Apache Flink Settings - Amazon Kinesis Data Analytics

Apache Flink Settings

Kinesis Data Analytics for Apache Flink is an implementation of the Apache Flink framework. Kinesis Data Analytics uses the default values described in this section. Some of these values can be set by Kinesis Data Analytics applications in code, and others cannot be changed.

This topic contains the following sections:

State Backend

Kinesis Data Analytics stores transient data in a state backend. Kinesis Data Analytics uses the RocksDBStateBackend. Calling setStateBackend to set a different backend has no effect.

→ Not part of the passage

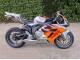 Großhandel Honda CBR1000RR Motorrad Verkleidung 2006-2007 - Silber Orange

We enable the following features on the state backend:

  • Incremental state backend snapshots

  • Asynchronous state backend snapshots

  • Local recovery of checkpoints

In Kinesis Data Analytics, the state.backend.rocksdb.ttl.compaction.filter.enabled configuration is enabled by default. Using this filter, you can update your application code to enable the compaction cleanup strategy. For more information, see State TTL in Flink 1.8.0 in the Apache Flink documentation.

For more information about state backends, see State Backends in the Apache Flink documentation.

Checkpointing

Kinesis Data Analytics for Apache Flink uses a default checkpoint configuration with the following values. Some of these vales can be changed. You must set CheckpointConfiguration.ConfigurationType to CUSTOM for Kinesis Data Analytics to use modified checkpointing values.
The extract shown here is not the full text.